---------- Records to process

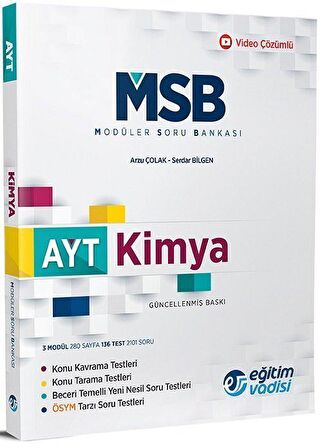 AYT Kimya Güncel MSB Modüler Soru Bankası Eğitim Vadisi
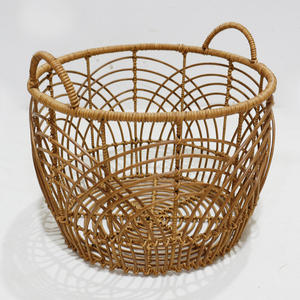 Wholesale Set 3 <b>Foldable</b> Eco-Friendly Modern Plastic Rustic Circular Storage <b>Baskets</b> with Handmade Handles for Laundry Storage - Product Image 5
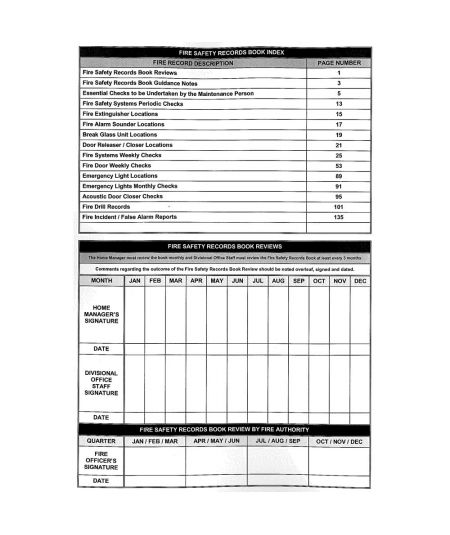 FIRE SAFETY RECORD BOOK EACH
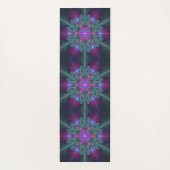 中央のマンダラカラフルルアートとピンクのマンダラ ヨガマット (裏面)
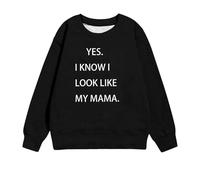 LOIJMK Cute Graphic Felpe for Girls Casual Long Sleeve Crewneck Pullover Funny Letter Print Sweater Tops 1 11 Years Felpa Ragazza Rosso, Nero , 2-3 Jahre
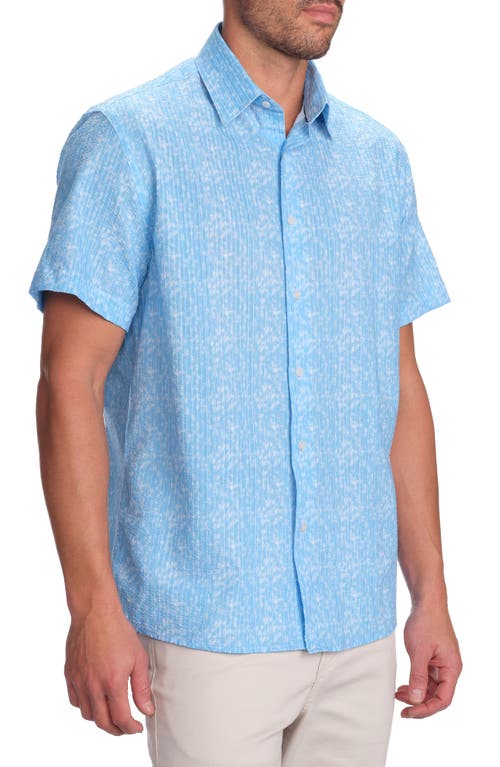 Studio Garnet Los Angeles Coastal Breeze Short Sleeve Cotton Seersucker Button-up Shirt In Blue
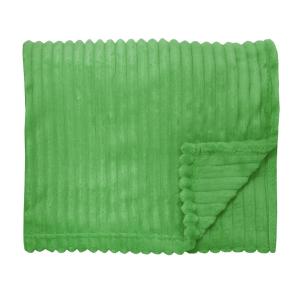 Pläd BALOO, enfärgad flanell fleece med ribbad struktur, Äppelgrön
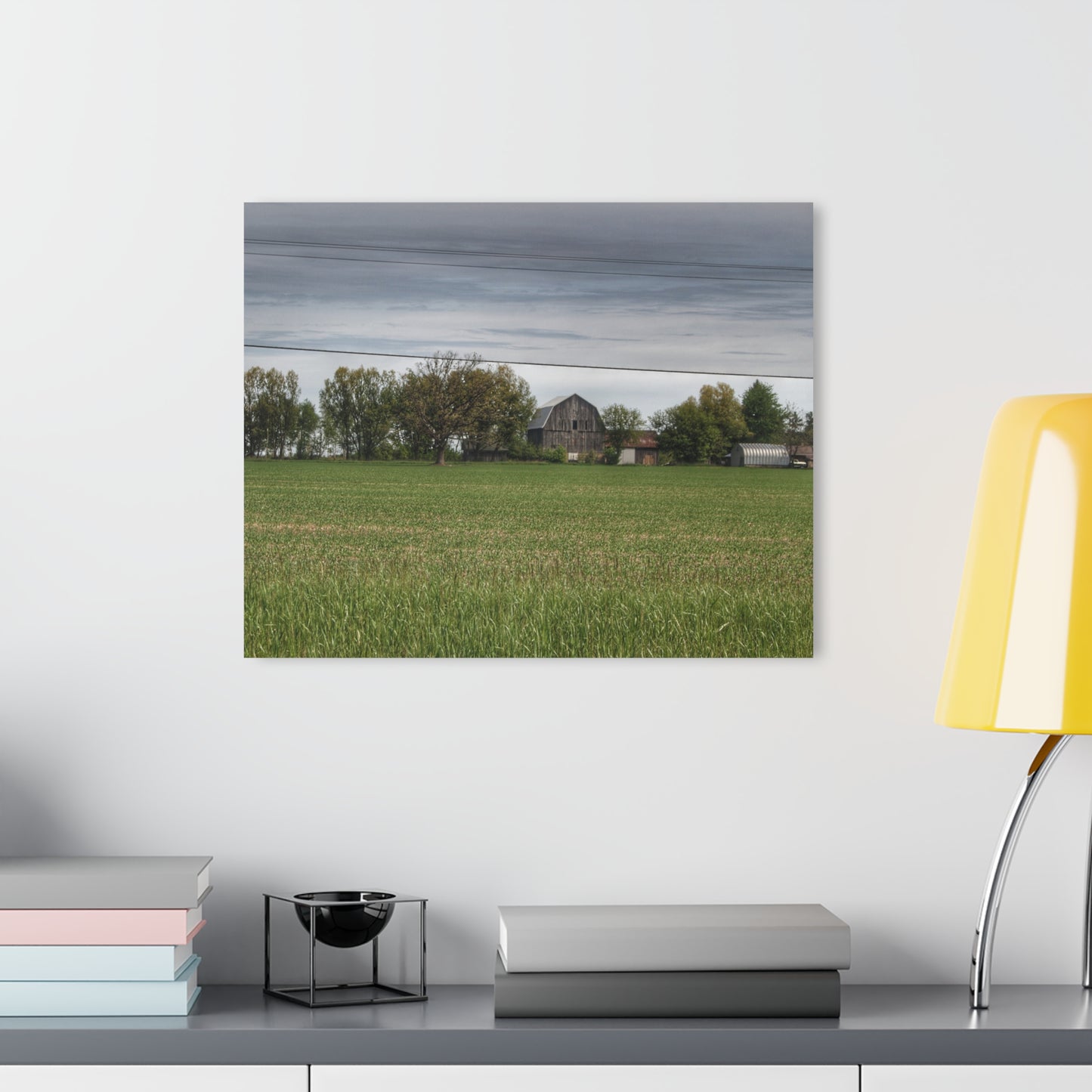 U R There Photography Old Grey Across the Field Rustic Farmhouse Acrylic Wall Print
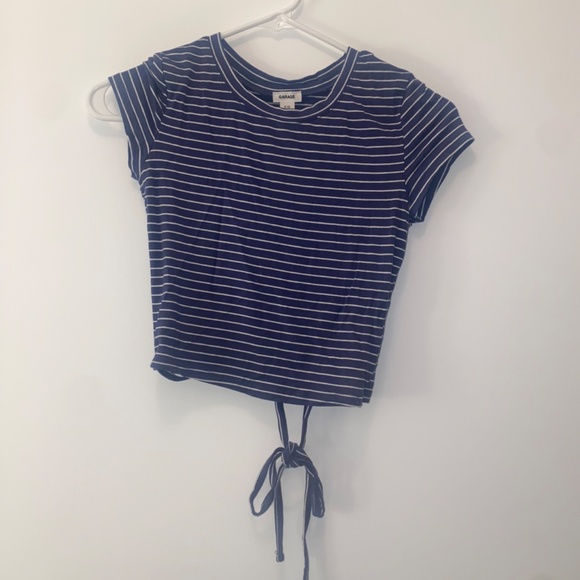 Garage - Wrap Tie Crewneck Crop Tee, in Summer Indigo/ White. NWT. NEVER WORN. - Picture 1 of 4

--------------------

**What to produce**
Find the line with "LOIJMK Cute Graphic" in the data above, and from there retype each line exactly through the line with "Pläd BALOO, enfärgad", skipping the pictures along the way.

**Response for this exercise**
 LOIJMK Cute Graphic Felpe for Girls Casual Long Sleeve Crewneck Pullover Funny Letter Print Sweater Tops 1 11 Years Felpa Ragazza Rosso, Nero , 2-3 Jahre
 Studio Garnet Los Angeles Coastal Breeze Short Sleeve Cotton Seersucker Button-up Shirt In Blue
 Pläd BALOO, enfärgad flanell fleece med ribbad struktur, Äppelgrön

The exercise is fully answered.